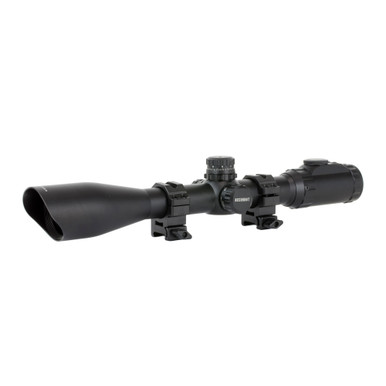 UTG 4-16X44 AO 36-CLR Mil-Dot with Ring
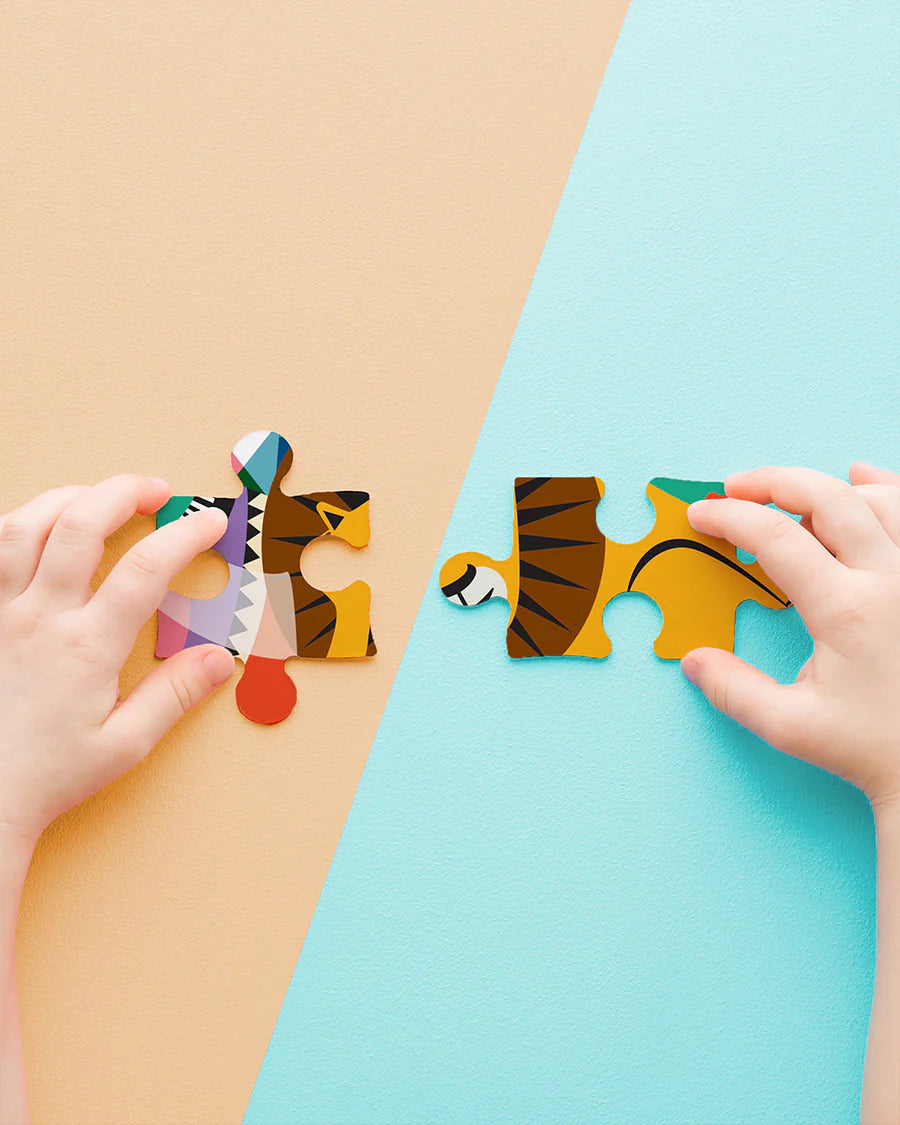 24 Piece Kids Puzzle - Animal Carnival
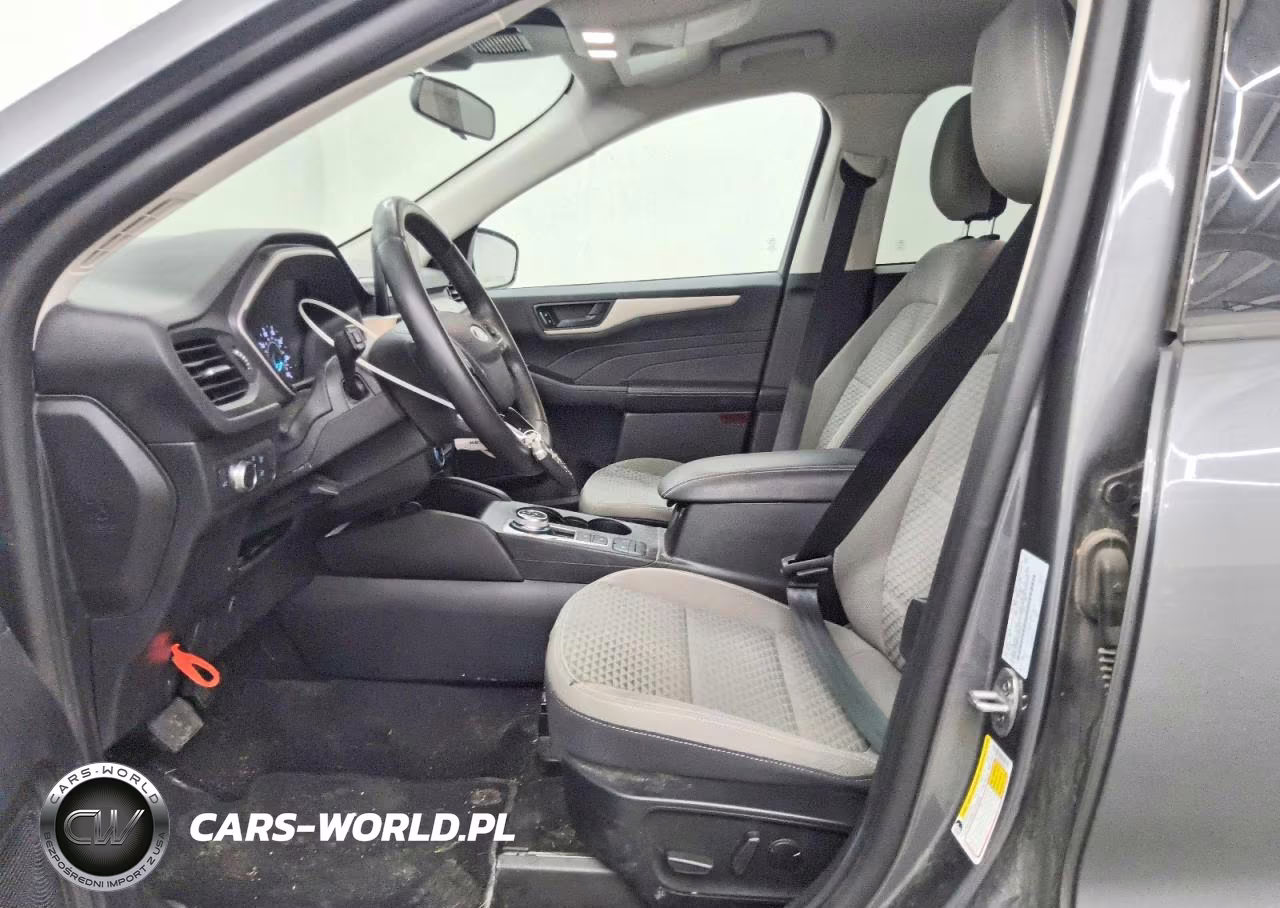 2022 Ford Escape Se VIN:1FMCU0G65NUB00411 - 7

* * *

» What is being asked: Give back the full listing word for word, with the pictures left out.

» Answer for the task:
 UTG 4-16X44 AO 36-CLR Mil-Dot with Ring
 24 Piece Kids Puzzle - Animal Carnival
 2022 Ford Escape Se VIN:1FMCU0G65NUB00411 - 7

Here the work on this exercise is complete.